We examined whether the differentially methylated CpGs detected in cord blood samples were associated with gestational age at birth in whole blood from older children. We conducted three separate meta-analyses (no complications model) reflecting different age periods in a total of 2481 children: (i) Early childhood (4–5 years; n = 453 from 4 cohorts); (ii) school age (7–9 years; n = 899 from 5 cohorts) and (iii) adolescence (16–18 years; n = 1129 from 5 cohorts), Additional file 1: Table S1. Of the 1276 three or more adjacent genome-wide significant CpGs from our analyses in cord blood, 1258 CpGs were available for analyses in all older age groups. Out of these CpGs, we observed 40 sites in early childhood, 60 sites in school age, and 60 sites in adolescence to be associated with gestational age at the nominal significance level, P < 0.05 with the same direction of effect (Additional file 1: Table S9). However, no CpG survived Bonferroni look-up level correction (0.05/1258; P < 3.97 × 10− 5). One CpG (cg26385222 annotated to TMEM176B) previously associated with gestational age at birth [27] was nominally significant in all age groups with same direction of effect.

Longitudinal analysis

The results of the longitudinal analyses of blood DNA methylation in the INMA Study (n = 177 with paired samples from birth and 4 years) and the ALSPAC Study (n = 281 with samples collected at birth, 7 and 17 years) are provided in Additional file 1: Table S10. The vast majority of gestational age associated CpGs (n = 1054/1276; 83%) underwent changes in methylation levels with age. Both increasing and decreasing patterns of change during early childhood (4 years) were observed, followed by stabilization during school age (7 years). For example, for cg08943494 in PRR5L on chr 11, an initial level of 61.5% and 51.4% in cord blood DNA methylation in INMA and ALSPAC respectively, decreased by 8.2% per year on average during early childhood in INMA and by 3.3% per year on average up to school age in ALSPAC, but then negligible further changes were seen from 7 to 17 years (Fig. 5A). In contrast, increasing levels were seen for cg18183624 (chr 17; IGF2BP1), from an initial 48.8% and 38.7% in cord blood DNA methylation in INMA and ALSPAC, respectively, with a 5.1% per year on average between birth to 4 years in INMA and 1.9% per year on average between birth to 7 years, but after that no changes from 7 to 17 years. (Fig. 5B).

Fig. 5
figure 5

Change in DNA methylation during childhood and adolescence for selected CpG sites associated with gestational age. A Decreasing methylation levels from birth to childhood (A.1) and stabilization during adolescence (A.2). B Increasing methylation levels from birth to childhood and stabilization during adolescence. C Stable CpGs that did not change during childhood or adolescence; (1) INMA from birth to early childhood and (2) ALSPAC from birth to adolescence. The figures show representative single CpGs for each category (A–C)

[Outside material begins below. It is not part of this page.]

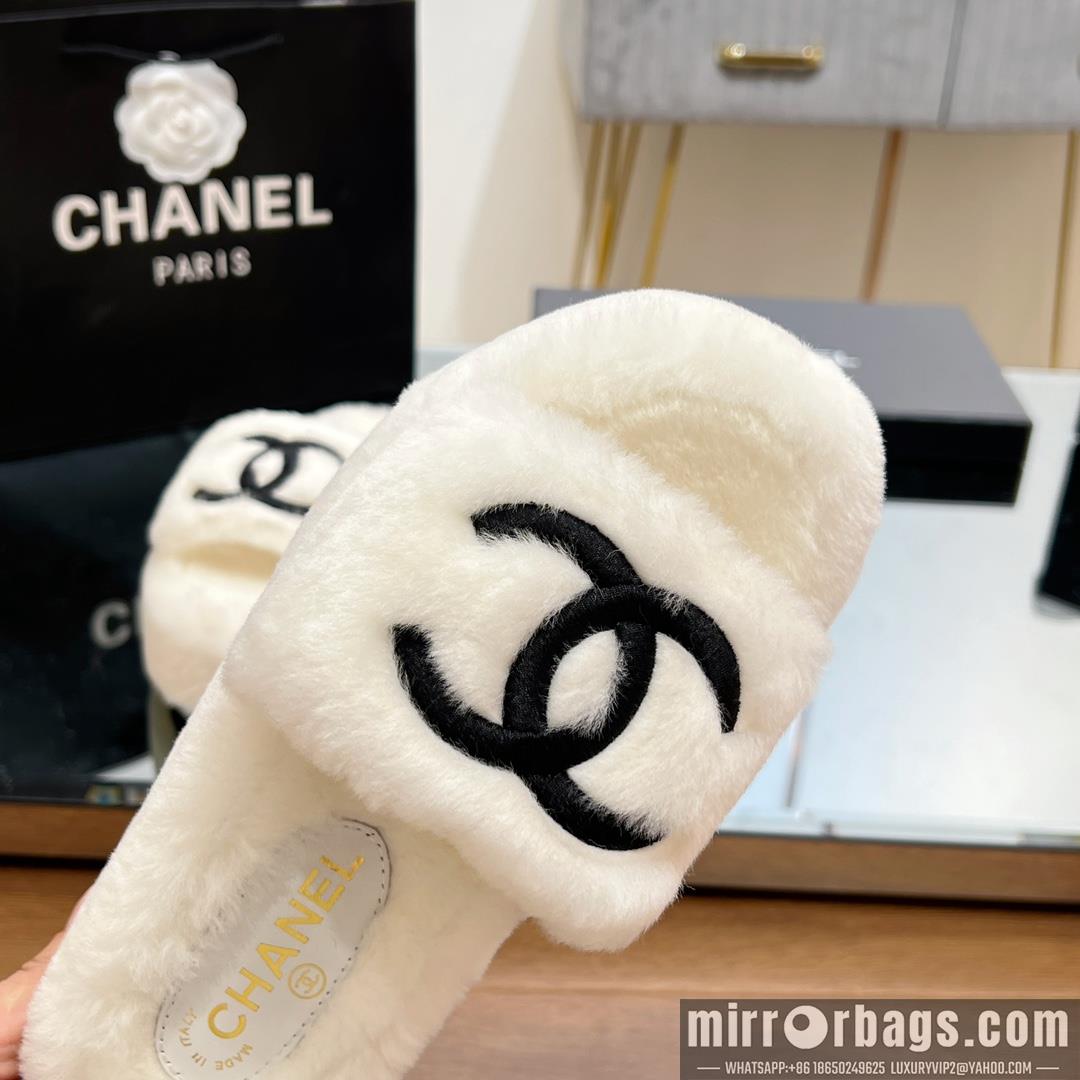 Chanel Replica Shoes sz35-41 h0803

Of the 1054 CpGs displaying changes in DNA methylation levels with age, there were 589 CpGs where gestational age was associated with changes in DNA methylation levels (i.e. where an interaction between gestational age and age was found) from birth to 4 years (INMA) and 460 CpGs with changes from birth to 7 years (ALSPAC). However, only 30 of the 1054 CpGs changed significantly in DNA methylation between 7 and 17 years (ALSPAC), suggesting that gestational age-related changes in DNA methylation levels had largely stabilized by age 7.

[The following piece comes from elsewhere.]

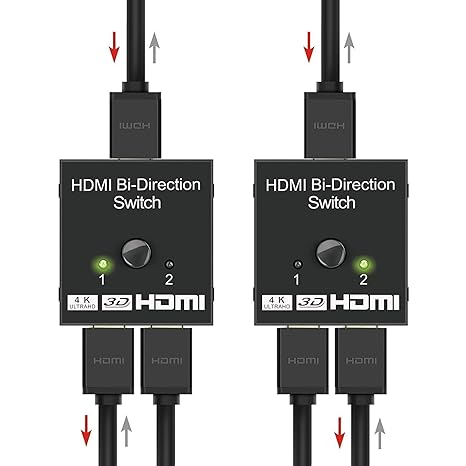 hdmi switcher 2X1 1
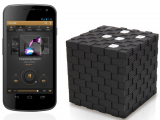 Magic Cube Rechargeable Portable Bluetooth Wireless Speaker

We identified 222 stable CpGs out of 1276 (17%) that did not change appreciably from birth to adolescence. As an example, the stable DNA methylation at cg27058497 (RUNX3, chromosome 1) is shown in Fig. 5C. A much lower proportion of the gestational age associated CpGs were stable from birth to adolescence compared to all CpGs on the array (17% versus 71%, Penrichment = 2.23× 10− 308).

Enrichment for biological processes and pathways

Using the complete list of 8899 CpGs annotated to 4966 genes, these were enriched for 1784 GO terms including regulation of cellular and biological processes, system development, different signaling pathways and organ development (Additional file 1: Table S11). Kyoto Encyclopedia of Genes and Genomes (KEGG) pathway analyses revealed 124 significant terms at FDR < 0.05 representing a variety of human diseases, most notably various cancers, viral infections, metabolic processes and immune-related disorders (Additional file 1: Table S12). The 325 genes annotated to the 1276 CpGs, selected by virtue of three or more CpGs being localized to the same gene, were enriched for 198 Gene Ontology (GO) terms very similar to those identified using Bonferroni significant CpGs (Additional file 1: Table S13). When restricting analyses to the 222 longitudinally stable CpGs, corresponding to 139 genes, 13 significant KEGG terms were revealed, primarily representing infection- and immune-related disorders (Additional file 1: Table S14). For 186 genes annotated to the 1054 CpGs changing with postnatal age, only one KEGG terms were identified as statistically significant (P = 1.2 × 10− 3 for the term MAPK signaling pathways; Additional file 1: Table S14).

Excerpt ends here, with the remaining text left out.